Memoirs of a Police Sergeant (Memórias de um sargento de milícias) is a satirical novel written by the Brazilian author Manuel Antônio de Almeida. It was first published in 1852.

The book is full of picturesque descriptions of Rio de Janeiro's life in the early 19th century, including popular feasts and holidays. The book is considered to be an outstanding work in the Brazilian Literature, because of its almost grotesque humor against some Brazilian institutions, like the Army, the Church and is considered, besides a literary masterpiece, an important source of Brazilian history.

== Plot ==
The novel is set at around 1808 (since the first line is something like "It was in the Time of the King") and it tells the colourful story of a problem child (Leonardo), from when his parents first meet, until his childhood, in a hypocritical and corrupt society.

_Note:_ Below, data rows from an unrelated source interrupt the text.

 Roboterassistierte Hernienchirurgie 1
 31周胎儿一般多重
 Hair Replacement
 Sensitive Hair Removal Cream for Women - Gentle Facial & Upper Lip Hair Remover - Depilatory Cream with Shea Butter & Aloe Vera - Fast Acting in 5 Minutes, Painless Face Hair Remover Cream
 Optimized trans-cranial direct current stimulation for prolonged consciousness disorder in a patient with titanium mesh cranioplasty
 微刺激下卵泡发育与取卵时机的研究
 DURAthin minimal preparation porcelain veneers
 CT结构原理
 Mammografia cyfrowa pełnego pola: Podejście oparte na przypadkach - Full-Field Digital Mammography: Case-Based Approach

Leonardo grows up into an amoral, reckless young man until he is arrested by the police and given the chance of becoming a police officer instead of serving his sentence.

== Editions ==
An edition in Portuguese (New York, NY: Luso-Brazilian Books, 2005) has the ISBN 0-85051-504-1.

An English edition titled Memoirs of a militia sergeant: a novel (New York: Oxford University Press, 1999) has the ISBN 0-19-511549-X.